As earlier reported by, the Federal Deposit Insurance Corp. (FDIC)yesterday released for public comment an Advanced Notice of Proposed Rulemaking (ANPR) on its treatment as conservator or receiver of financial assets transferred by banks related to a securitization after March 31, 2010.

Merrill Lynch Bank of America analysts think that the FDIC is looking for uniform securitizations standards across the industry, covering regulations adopted by the bank supervisors and federal laws passed by Congress.

FDIC's ANPR has a list of questions and sample regulatory text, which will form a basis for comments on preconditions. These preconditions need to be satisfied before a securitization can meet the new safe harbor rule.

The questions and text covers structure, sources of payment, disclosure, documentation, compensation, and risk retention. Analysts noted that in many cases, securitizations backed by residential mortgages must meet more rigorous preconditions. The comment period will last 45 days.

Analysts believe that the market conventions and structures used in the consumer ABS, such as in auto and credit card ABS, already satisfy a number of the preconditions that were stated in the sample regulatory text.

In cases where they do not, Merrill BofA analysts said that most banks will likely have the ability to implement the changes needed to meet the preconditions, if the sample text is adopted without change.

"We believe the securitized markets will remain an important funding source for many banks, although codifying and expanding the preconditions necessary for safe harbor, along with changes to regulatory capital due to the implementation of FAS 166/167 and the prospects of federal securitization laws, could limit the benefits of securitization," analysts wrote.

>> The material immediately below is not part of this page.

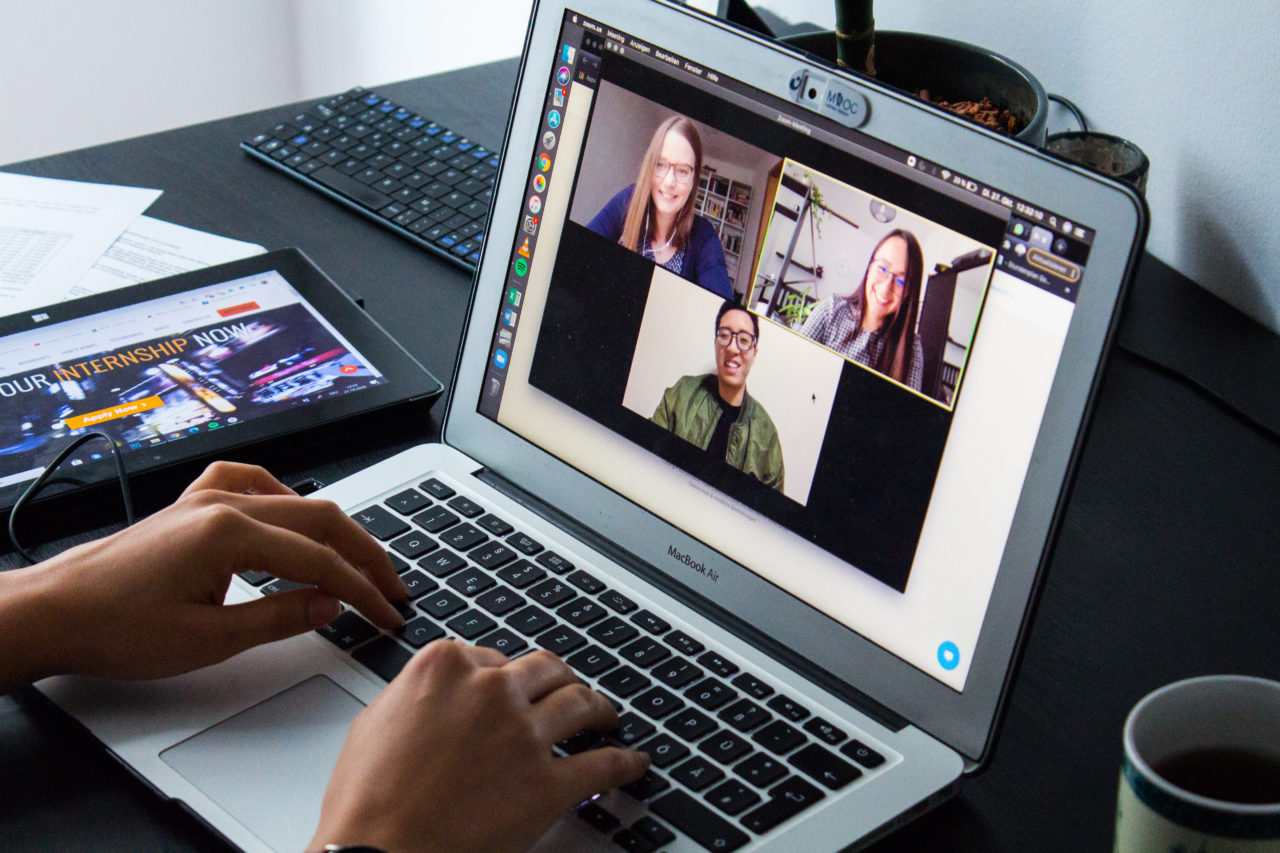 The Meiji Copywriting Team having a Zoom call and discussing upcoming projects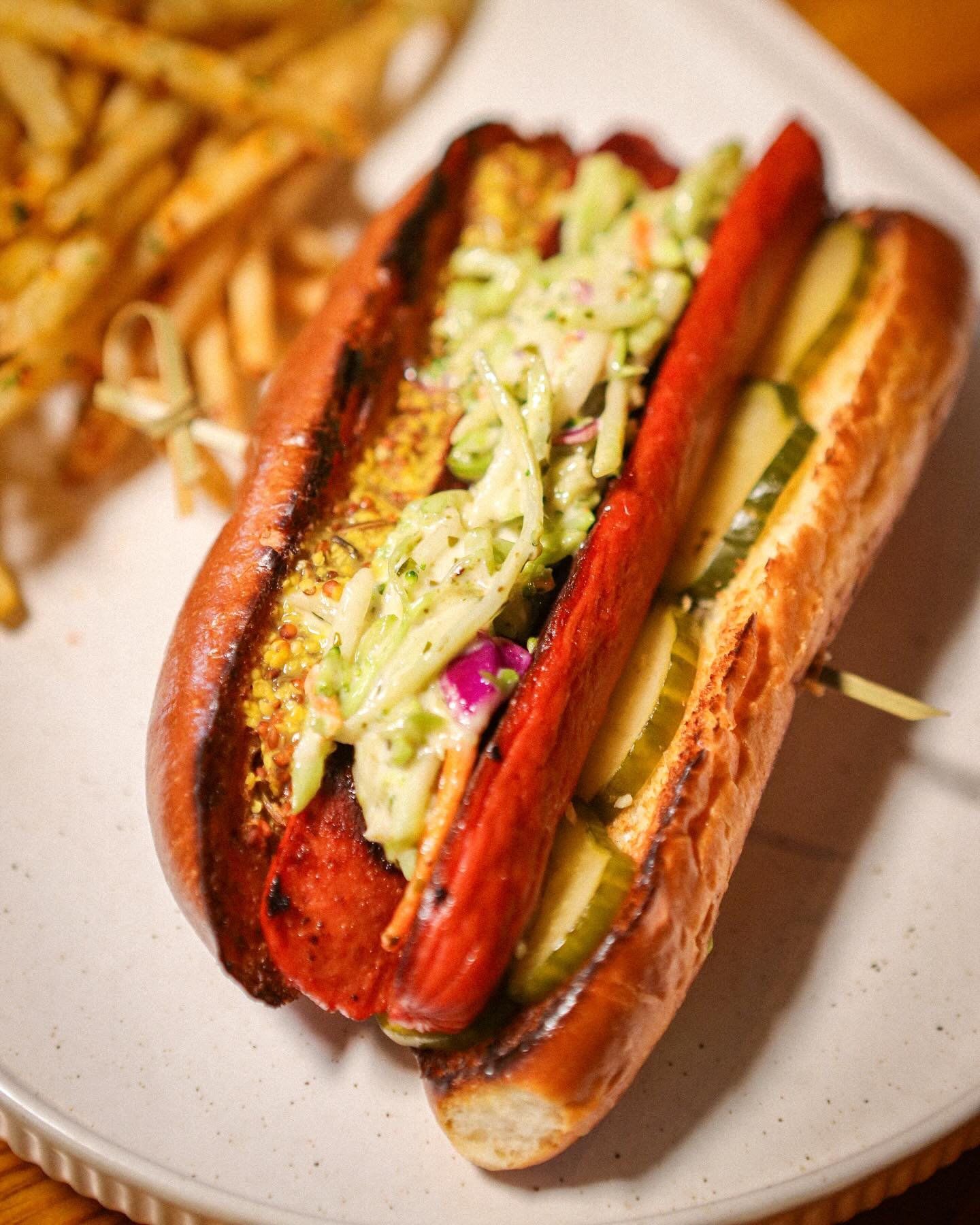 A fancy dog 🌭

They added that any spread weakness caused by the perceived headline risk related to safe harbor or other securitization regulations should be seen as a buying opportunity.

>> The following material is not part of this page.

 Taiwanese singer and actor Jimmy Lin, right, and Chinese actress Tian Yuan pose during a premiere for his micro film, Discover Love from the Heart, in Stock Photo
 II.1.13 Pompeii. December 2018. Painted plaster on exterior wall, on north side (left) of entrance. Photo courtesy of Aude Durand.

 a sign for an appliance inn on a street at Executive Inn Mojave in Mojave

Even though the regulators and lawmakers think some securitization reform is necessary, according to analysts, they seem to also agree that the market is a valuable source of liquidity to lenders.

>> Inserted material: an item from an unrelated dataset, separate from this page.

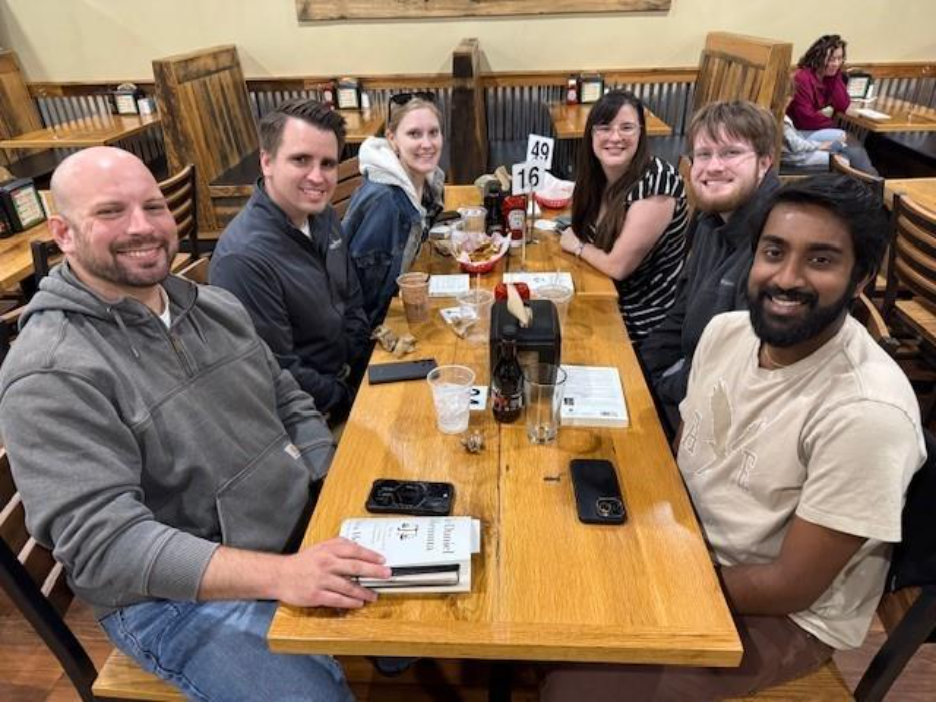 A group of people sitting at a tableAI-generated content may be incorrect.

However, BofA Merrill analysts do not expect robust supply in consumer ABS for next year. These projections are based on the relatively low consumer spending and tighter underwriting standards that will lead to slow growth in origination volumes and receivable balances.

Even though they expect credit performance to remainunder pressure, they think that the level of deterioration will continue to moderate and issuers will stay supportive of their securitization programs. All should be supportive of spreads as well, they added.

The interim rule grandfathers all securitizations for which financial assets were transferred or, for revolving securitization trusts, for which securities were issued prior to March 31, 2010, analyts noted. The FDIC is seeking comments on the need to extend the interim rule beyond March 31, 2010.

Analysts believe that the FDIC will have to extend the interim rule to allow for the development of new safe harbor rules and the implementation of those rules.

The American Securitization Forum will be hosting a conference call regarding the ANPR.